The famous Stannah stairlift has helped earn brothers Brian and Alan Stannah MBEs awarded by the Prince of Wales.
The siblings spoke of their delight at being called up together to receive the honour from Charles during a Buckingham Palace investiture ceremony, capping a year which has seen Stannah celebrate its 150th anniversary.
Brian Stannah, 82, and his younger sibling Alan, 78, helped transform the fortunes of the family-run company, started by their great-grandfather Joseph Stannah in 1867, by revitalising it in the 1960s.
The following decade they masterminded Stannah's best known product, the stairlift, which they worked tirelessly to produce and launch, and which made the company a household name.
Speaking after the ceremony Brian said: "That was born from a recession. There was a recession in the construction industry.
"If you think back to 1972 - miners' strike, three-day working week, oil crisis - building stopped, we had to do something and we came up with the idea of the stairlift."

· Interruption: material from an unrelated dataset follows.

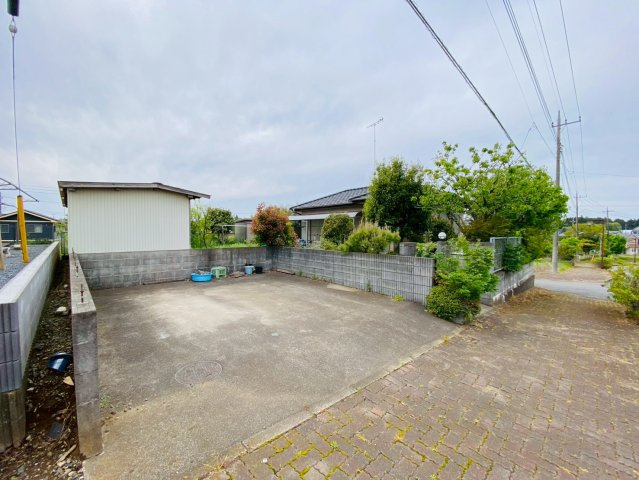 十倉　中古戸建の駐車場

Asked if they knew they had a winning product, he replied: "We didn't know, we had no idea, but sales doubled every year for six years."
Alan said: "And it became not only a major part of the business but also exported to 40 countries overseas, and we're introducing new products as we did this year and developing new markets."
The brothers are joint chairmen of the company that began manufacturing and selling cranes, lifts and hoists for moving ships' cargo, and introduced passenger lifts around the turn of the 20th century.
Based in Andover, Hampshire, it still makes passenger lifts and now includes goods and service lifts, walkways, escalators and platform lifts in its product range.
The global business employs 1,700 people in the UK and its subsidiaries and has a turnover of more than £210 million.
Internationally renowned baritone Roderick Williams, who has sung with all the major opera companies and is well-known for his Mozart roles, was awarded an OBE by the Prince.
The 52-year-old said he began singing at a young age and was working as a music teacher and performing in his spare time when his wife encouraged him to pursue his ambition.
Mr Williams said: "My wife said 'if you don't do it now, if you don't give up the monthly pay cheque from the school, you never will' - that was really wise words."
His career has developed beyond performances of everything from Baroque to contemporary music, with the baritone now also composing and recording CDs.
"I find myself working with fantastic musicians, fantastic directors, fantastic orchestras which kind of makes going to work really joyful," said the singer.
Mr Williams is president of the Three Choirs Festival and he described how Charles, its patron, played a part in helping to stage a 300th anniversary celebration concert at Buckingham Palace in 2015.
The baritone said: "He suggested, as it was the 300th anniversary, we should have 300 performers, 300 in the audience and we gave him an hours concert... there was a lot of (Sir Hubert) Parry, because he's a big fan of Parry, and we sang Jerusalem and a good bit of Handel."